I would like to test the network latency/bandwidth of each node that I am running on in parallel. I think the simplest way to do this would be to have each node test itself.
Use two systems...
Barring that, see if you can use a router (not switch) where the router maps one IP address to another IP address. This will require two Ethernet ports on the host (not unusual for most server boards) and for each port to have different IP addresses. In a real configuration, you will likely have a switch or router between the nodes IOW the overhead of the router in the test will be similar to the overhead in a real connection.

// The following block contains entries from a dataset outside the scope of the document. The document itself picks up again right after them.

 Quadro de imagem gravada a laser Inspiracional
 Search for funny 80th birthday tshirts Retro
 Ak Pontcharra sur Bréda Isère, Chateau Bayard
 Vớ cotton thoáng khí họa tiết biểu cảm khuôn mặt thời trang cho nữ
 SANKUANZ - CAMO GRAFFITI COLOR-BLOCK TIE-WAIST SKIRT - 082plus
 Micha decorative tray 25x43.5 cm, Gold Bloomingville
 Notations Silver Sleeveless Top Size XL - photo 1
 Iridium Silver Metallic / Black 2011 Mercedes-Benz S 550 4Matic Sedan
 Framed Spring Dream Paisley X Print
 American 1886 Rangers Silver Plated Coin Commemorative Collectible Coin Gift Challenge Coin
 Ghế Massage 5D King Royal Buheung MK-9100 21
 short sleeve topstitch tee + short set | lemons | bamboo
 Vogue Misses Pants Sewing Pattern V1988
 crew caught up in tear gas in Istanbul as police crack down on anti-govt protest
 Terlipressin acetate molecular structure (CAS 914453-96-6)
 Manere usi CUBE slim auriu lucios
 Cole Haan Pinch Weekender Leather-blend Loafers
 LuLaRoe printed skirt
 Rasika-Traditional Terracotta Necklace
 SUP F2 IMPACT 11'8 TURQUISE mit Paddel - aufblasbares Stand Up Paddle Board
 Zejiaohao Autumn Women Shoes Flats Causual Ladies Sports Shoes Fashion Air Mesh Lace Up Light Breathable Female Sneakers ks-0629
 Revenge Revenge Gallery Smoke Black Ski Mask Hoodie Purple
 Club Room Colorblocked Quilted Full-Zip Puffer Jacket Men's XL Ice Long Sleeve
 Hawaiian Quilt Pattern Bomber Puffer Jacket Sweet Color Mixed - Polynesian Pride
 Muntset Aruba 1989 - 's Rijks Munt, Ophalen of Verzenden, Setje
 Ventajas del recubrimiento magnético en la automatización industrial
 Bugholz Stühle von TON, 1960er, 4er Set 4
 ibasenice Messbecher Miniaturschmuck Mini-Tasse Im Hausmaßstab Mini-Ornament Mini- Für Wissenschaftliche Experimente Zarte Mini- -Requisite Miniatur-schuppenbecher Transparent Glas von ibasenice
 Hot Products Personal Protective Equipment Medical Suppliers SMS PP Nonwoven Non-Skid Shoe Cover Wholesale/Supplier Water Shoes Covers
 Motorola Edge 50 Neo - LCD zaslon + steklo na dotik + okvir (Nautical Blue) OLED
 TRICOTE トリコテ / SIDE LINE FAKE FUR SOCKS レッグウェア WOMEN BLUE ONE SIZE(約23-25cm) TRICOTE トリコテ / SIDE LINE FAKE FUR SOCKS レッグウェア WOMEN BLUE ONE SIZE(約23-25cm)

As Jim mentioned you need at least 2 nodes to measure performance between pair of nodes.
I_MPI_FABRICS allows to specify transports for intra-node and inter-node communications separately, so you can specify I_MPI_FABRICS=tcp:tcp to use sockets for all communications (in case of intra-node communications it will go over loopback instead of optimized shared memory transport).
But in general to measure latency/bandwidth you can use existing benchmarks, for example IMB (Intel MPI Benchmarks).
For example, using "IMB-MPI1 uniband" you can create multiple pairs of processes communicating in parallel. This benchmark will measure unidirectional bandwidth between 2 nodes and in case of correct setup you will see bandwidth numbers close to theoretical limit.
"IMB-MPI1 pingpong" can be used to measure latency.
Also to get the broader picture of cluster you can use mpiGraph (https://sourceforge.net/projects/mpigraph/).